The good news is that IME, the B&W D2 and I suspect the D3 have a pretty high power handling capability so that shouldn't be an issue unless you go full crazy mode. I was pushing my "Upper Section" with a Mono amp capable of 575w into 2ohms and the " Lower Section" was pushed with a matching separate amp of the same capability and the speakers never even blinked. My neighbors would have been knocking before the speaker even showed signs of braking a sweat. My balls ran out usually in the 112db range at seated position.
Anyway, based on what I'm hearing regarding the PreAmp at play you may be better served by Bi-Wiring until a more suitable Pre can be obtained. No offense meant by my statement :)
Sorry guys, I have the Krell Chorus 7200. I was going to use 6 of the channels in a bi-amp format for the front three channels.

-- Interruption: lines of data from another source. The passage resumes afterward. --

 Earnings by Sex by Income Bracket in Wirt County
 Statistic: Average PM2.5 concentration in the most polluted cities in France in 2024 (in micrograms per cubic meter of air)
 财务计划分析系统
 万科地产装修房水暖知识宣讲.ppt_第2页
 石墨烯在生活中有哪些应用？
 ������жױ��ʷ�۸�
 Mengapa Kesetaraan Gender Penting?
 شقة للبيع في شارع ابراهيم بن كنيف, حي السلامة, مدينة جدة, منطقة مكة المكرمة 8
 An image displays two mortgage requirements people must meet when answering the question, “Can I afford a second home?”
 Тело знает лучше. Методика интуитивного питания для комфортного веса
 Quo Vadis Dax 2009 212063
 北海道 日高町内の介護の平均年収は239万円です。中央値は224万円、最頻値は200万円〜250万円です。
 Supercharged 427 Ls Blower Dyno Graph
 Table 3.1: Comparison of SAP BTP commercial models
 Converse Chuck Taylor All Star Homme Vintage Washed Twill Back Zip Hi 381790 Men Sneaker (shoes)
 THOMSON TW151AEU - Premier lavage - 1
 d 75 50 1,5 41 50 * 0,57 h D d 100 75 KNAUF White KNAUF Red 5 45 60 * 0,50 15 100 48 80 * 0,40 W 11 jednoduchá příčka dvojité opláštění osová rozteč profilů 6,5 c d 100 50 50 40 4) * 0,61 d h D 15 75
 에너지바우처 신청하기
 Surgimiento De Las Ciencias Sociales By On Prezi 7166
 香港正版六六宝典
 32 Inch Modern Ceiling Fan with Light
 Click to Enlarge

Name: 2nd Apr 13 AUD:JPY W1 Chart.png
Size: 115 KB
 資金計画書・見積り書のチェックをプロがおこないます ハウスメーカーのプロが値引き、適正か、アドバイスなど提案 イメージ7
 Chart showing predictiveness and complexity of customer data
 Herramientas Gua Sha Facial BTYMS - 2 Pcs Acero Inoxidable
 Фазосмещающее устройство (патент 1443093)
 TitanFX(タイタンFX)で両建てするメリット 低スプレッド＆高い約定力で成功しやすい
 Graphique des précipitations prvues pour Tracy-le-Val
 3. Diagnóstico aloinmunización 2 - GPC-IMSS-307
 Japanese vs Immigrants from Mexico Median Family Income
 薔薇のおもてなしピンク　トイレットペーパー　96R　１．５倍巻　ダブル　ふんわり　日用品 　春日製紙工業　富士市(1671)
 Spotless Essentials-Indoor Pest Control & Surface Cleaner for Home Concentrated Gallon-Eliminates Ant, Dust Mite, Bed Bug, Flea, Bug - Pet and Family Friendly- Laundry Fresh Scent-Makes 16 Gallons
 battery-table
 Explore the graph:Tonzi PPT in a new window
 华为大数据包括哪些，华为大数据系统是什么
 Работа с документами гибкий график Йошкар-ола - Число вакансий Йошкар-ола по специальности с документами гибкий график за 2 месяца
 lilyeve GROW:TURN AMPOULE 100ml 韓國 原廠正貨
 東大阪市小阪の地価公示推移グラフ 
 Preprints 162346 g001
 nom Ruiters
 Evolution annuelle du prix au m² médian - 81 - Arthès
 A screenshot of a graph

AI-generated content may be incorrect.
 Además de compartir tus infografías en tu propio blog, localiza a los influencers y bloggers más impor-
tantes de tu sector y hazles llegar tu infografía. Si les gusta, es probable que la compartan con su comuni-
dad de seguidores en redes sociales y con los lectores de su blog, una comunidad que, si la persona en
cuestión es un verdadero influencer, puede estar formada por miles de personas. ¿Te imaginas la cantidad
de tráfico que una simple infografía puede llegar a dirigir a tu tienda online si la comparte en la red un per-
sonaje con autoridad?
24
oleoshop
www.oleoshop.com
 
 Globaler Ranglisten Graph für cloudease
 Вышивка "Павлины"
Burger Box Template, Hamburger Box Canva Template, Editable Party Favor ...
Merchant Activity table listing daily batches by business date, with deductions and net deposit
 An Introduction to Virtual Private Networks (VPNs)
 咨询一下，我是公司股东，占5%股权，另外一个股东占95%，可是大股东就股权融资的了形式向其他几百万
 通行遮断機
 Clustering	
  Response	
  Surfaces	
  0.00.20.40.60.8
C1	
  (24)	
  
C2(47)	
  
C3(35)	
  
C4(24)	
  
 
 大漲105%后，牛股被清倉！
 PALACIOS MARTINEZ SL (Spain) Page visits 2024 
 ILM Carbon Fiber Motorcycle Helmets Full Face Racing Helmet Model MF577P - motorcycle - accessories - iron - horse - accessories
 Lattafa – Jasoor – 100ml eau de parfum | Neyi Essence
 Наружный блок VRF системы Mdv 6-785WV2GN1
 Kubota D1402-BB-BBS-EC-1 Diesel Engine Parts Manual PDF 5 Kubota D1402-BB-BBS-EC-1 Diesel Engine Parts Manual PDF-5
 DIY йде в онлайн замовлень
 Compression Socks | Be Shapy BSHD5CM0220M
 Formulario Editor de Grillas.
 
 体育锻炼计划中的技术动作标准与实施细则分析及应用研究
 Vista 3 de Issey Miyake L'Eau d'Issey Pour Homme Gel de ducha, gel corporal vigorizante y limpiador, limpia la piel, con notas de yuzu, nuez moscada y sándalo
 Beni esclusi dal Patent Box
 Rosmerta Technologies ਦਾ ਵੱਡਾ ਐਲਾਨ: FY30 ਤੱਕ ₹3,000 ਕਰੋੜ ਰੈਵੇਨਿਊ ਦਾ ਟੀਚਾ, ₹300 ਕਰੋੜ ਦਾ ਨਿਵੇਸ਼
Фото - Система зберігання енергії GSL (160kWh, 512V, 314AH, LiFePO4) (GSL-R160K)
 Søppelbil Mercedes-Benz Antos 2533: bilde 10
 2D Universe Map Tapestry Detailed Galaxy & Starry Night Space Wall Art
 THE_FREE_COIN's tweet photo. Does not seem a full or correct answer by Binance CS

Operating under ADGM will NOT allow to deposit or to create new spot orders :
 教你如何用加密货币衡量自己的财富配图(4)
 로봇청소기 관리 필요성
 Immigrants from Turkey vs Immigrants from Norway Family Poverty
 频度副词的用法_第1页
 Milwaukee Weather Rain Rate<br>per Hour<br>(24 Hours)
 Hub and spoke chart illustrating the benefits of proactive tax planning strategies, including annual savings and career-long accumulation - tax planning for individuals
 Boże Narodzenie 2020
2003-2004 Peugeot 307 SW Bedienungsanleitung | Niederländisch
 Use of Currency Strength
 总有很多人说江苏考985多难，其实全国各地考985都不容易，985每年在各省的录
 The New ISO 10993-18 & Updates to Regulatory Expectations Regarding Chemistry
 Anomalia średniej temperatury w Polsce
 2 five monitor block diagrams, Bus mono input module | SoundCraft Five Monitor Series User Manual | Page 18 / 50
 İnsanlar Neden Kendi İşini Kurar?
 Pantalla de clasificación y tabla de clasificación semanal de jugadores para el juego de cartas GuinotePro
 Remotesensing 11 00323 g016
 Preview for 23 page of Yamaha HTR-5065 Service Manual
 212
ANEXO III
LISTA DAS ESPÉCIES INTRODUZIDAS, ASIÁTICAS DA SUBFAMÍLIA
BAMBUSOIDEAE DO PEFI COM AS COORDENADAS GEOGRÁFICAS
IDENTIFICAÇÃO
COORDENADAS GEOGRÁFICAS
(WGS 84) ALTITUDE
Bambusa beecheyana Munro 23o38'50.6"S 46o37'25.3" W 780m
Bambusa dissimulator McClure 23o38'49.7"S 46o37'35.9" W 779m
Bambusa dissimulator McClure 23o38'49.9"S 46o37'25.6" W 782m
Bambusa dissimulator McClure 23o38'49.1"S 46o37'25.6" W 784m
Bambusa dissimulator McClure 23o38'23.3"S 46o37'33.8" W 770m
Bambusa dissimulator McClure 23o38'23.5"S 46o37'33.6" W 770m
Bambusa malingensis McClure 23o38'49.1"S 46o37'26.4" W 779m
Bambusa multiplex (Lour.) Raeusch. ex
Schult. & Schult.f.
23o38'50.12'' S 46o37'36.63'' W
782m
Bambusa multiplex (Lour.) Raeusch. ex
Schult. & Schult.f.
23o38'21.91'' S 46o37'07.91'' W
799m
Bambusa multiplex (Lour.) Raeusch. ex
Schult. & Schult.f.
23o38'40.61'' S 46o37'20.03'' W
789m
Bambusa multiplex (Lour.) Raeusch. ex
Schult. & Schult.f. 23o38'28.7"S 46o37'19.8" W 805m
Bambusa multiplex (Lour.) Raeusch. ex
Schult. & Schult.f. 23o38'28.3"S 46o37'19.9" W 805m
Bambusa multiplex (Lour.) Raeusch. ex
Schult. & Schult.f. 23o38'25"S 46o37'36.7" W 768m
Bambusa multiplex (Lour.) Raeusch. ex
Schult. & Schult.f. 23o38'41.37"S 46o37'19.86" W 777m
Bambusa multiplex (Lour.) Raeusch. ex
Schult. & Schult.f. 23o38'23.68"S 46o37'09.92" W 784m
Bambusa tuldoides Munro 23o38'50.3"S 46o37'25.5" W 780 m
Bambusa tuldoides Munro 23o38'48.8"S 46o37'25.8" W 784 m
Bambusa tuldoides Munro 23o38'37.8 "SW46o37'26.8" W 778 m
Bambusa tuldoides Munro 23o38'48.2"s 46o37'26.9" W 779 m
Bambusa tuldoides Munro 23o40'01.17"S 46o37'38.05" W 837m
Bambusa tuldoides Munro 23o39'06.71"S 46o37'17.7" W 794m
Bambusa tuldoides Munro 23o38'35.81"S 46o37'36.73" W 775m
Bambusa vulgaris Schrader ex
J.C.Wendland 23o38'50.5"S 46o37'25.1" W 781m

I am also going to do atmos and therefor will use the other 7 channel amp for all remaining speakers. I looked at the pages in the manual and was wondering if I will lose two channels by going with what auximput stated in his post. I would rather retain those additional channels for additional speaker. I am thinking that the 802s would like the additional power of the biamping. Thoughts?
Thanks for all of your help guys.
The Krell and Marantz are not differentially balanced. The balanced connections are for bragging rights.
From this Krell 7200 datasheet
The signal path is fully complementary and balanced. Independent complementary pre-driver and driver stages for the positive and negative output transistors make the output stages extremely fast and linear.
Also, the fact that its balanced input impedance is twice its unbalanced input impedance is very likely indicative of a differentially balanced receiver stage being provided for its XLR inputs. That would be the case even if it did not have a balanced internal signal path.
And as I previously indicated, it can be inferred from the specs on the Marantz that its outputs, or at least most of them, are most likely driven from differentially balanced output stages, regardless of whether or not its internal signal path is differentially balanced.
Therefore, as I said earlier:
... balanced connections between components having unbalanced internal signal paths (and, again, the Krell amps might very well be fully balanced) IMO may sound either better than, worse than, or similar to unbalanced connections, depending on the specific designs.
I looked at the pages in the manual and was wondering if I will lose two channels by going with what auximput stated in his post.
As I interpret the reference Auxinput provided to page 237 of the manual you would be able to configure the Marantz such that you could use two left + right output pairs (for example, Front and Front Wide) for purposes of biamping two speakers. But that would apparently require you to use a splitter for the center channel, as well as requiring you to utilize two pairs of output channels on the Marantz for one pair of front speakers. So I suspect it would be best to use a splitter on all three of the channels that you want to biamp with the Krell. The very high 200K impedance of the Krell’s balanced inputs should minimize or eliminate any downside of using a short splitter at its inputs, in conjunction with a single XLR cable per channel of whatever length is necessary.
I can’t answer the last question, about the likelihood of benefiting from the additional power in this specific case, although I wouldn’t be surprised if it does turn out to provide significant benefit.